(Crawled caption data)

======

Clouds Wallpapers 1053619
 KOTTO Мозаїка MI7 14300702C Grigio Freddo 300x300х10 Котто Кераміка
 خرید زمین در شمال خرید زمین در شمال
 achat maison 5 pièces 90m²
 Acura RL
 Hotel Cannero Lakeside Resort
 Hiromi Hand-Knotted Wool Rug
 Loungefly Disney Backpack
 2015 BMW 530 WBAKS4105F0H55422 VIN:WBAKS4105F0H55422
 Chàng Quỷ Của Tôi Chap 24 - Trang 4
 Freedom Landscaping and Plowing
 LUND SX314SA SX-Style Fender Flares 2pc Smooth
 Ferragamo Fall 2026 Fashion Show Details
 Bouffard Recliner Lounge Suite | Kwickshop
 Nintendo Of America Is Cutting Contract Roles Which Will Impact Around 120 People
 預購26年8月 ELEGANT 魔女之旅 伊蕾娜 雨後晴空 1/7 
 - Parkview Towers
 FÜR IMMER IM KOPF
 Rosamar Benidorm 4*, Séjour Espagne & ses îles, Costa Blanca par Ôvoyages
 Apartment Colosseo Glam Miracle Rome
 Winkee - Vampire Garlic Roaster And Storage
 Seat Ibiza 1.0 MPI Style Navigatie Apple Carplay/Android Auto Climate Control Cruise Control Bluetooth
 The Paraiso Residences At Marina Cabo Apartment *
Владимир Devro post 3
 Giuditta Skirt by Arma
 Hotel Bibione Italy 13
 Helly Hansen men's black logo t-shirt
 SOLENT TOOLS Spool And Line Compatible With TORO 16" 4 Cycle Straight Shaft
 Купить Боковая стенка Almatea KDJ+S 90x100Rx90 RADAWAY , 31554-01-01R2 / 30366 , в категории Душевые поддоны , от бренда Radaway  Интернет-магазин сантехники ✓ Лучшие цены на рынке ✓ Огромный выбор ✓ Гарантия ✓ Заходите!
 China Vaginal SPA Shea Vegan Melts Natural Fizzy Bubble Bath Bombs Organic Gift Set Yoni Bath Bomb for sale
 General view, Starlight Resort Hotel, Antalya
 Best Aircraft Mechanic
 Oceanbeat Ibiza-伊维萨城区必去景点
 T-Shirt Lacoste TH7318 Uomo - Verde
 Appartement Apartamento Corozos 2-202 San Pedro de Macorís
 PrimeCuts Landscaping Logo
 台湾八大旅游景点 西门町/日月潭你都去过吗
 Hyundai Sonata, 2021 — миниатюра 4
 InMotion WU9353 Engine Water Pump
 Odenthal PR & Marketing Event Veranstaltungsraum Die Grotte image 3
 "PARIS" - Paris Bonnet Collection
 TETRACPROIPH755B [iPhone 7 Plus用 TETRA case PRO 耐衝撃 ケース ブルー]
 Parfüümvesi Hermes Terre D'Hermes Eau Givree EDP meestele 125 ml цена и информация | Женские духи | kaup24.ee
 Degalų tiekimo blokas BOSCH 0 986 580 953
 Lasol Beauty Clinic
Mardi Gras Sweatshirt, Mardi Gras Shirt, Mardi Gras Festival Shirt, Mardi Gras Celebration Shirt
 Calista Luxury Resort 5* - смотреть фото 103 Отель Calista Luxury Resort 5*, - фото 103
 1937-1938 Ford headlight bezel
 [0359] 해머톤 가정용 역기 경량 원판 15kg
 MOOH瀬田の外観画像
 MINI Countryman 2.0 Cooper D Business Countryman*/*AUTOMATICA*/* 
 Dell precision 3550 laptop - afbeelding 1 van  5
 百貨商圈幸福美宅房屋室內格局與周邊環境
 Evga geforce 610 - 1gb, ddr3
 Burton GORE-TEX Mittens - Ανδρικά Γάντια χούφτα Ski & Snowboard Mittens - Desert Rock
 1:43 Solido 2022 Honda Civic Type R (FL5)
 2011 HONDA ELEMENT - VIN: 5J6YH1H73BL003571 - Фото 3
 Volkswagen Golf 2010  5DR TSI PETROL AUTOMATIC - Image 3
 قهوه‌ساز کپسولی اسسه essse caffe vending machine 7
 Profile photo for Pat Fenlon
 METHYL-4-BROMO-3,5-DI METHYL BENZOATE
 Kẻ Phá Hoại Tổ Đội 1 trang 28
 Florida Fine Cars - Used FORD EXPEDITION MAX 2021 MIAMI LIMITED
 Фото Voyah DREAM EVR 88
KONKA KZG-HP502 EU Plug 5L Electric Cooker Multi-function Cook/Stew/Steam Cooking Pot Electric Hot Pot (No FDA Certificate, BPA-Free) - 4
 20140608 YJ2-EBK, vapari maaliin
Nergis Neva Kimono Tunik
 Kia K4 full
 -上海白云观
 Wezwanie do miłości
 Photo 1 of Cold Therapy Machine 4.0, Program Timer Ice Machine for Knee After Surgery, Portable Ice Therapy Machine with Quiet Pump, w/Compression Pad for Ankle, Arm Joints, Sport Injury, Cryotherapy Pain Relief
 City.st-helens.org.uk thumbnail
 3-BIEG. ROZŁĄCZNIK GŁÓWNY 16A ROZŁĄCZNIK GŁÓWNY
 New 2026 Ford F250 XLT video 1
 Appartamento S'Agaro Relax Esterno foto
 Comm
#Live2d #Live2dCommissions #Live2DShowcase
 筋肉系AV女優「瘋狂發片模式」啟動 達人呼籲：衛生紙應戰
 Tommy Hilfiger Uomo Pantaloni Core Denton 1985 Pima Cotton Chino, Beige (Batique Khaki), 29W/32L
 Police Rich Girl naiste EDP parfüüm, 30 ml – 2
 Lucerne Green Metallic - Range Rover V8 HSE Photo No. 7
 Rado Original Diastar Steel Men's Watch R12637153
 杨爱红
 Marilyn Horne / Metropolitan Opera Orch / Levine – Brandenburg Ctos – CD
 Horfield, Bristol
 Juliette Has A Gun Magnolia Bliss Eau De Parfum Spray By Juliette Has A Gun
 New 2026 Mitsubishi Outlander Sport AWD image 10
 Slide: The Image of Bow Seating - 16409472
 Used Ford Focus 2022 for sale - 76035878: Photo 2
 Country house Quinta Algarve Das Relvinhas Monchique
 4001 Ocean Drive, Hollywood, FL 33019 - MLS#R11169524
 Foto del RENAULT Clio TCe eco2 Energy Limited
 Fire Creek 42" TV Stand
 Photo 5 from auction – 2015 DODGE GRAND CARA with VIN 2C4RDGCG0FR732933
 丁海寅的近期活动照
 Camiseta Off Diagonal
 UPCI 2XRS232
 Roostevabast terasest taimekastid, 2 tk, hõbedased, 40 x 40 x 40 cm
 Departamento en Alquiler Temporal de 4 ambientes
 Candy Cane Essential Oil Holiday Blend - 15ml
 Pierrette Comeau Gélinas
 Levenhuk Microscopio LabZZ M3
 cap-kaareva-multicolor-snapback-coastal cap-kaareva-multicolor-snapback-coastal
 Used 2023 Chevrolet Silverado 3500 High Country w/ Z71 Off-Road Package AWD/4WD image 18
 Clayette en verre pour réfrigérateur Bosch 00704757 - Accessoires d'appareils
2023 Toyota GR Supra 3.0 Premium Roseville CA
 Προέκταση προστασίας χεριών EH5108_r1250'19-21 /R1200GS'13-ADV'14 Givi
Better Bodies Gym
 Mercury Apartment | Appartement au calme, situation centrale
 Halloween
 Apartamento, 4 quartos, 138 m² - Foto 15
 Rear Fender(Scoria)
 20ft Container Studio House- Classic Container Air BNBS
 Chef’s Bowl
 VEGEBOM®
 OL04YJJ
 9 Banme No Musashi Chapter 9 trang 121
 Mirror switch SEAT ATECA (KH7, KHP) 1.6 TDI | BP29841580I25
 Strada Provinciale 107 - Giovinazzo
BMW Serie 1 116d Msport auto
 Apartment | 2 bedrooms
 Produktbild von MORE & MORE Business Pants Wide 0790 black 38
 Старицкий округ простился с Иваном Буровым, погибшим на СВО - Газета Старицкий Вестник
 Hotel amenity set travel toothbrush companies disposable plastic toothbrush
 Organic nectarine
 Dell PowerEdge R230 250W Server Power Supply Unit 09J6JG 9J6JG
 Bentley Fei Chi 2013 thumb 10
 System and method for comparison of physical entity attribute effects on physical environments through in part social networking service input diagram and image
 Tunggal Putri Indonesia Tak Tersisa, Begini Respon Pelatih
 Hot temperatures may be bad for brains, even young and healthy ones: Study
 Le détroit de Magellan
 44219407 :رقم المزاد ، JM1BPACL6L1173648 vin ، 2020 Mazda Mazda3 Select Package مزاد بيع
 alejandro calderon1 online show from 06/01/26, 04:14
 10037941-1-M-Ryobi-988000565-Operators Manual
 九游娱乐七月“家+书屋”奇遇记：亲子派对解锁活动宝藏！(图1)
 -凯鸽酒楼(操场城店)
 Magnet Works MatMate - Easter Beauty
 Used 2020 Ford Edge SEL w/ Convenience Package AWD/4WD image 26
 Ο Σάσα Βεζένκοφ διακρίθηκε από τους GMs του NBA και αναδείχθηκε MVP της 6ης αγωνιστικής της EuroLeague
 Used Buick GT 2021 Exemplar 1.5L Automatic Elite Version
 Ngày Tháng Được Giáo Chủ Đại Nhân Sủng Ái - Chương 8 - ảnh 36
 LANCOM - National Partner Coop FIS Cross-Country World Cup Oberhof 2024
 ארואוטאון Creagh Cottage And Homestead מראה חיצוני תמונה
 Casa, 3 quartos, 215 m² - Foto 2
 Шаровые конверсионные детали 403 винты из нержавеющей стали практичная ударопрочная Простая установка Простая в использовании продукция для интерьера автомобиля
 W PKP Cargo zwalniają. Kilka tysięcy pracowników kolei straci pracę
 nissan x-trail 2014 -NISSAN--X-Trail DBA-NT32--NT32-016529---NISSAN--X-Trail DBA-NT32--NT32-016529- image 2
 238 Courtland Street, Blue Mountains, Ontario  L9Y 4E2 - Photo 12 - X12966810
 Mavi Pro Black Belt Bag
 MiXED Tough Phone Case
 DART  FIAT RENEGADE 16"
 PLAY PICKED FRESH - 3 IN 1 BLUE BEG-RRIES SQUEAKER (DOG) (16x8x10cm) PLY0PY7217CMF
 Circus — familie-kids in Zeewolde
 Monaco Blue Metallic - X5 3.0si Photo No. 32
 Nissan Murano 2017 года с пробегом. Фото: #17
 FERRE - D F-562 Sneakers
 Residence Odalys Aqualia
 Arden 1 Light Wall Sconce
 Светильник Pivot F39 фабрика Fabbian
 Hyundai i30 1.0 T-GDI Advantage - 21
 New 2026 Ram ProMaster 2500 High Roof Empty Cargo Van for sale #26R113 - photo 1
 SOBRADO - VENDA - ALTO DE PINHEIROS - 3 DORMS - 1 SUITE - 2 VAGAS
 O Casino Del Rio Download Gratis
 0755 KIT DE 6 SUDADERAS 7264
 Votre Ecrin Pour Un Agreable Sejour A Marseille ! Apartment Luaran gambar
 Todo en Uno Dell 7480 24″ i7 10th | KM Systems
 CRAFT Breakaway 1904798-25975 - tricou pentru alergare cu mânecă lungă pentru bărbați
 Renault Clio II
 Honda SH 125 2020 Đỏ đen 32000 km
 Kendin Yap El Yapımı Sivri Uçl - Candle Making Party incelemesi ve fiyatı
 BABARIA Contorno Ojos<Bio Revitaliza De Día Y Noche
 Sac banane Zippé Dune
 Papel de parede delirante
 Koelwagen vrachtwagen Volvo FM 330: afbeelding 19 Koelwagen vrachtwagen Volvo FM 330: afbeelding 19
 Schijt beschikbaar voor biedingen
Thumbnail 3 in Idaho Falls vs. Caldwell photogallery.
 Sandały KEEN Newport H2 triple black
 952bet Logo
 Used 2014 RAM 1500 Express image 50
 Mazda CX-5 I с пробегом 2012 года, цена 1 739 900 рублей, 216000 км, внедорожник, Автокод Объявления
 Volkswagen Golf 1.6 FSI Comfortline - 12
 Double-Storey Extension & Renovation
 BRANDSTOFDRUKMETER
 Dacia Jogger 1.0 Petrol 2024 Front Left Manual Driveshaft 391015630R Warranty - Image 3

======

### WHAT THE TASK ASKS
Check every line of the entries above, and copy those that carry the string "Hotel".

### RESULT BELOW
 Hotel Cannero Lakeside Resort
 Hotel Bibione Italy 13
 General view, Starlight Resort Hotel, Antalya
 Hotel amenity set travel toothbrush companies disposable plastic toothbrush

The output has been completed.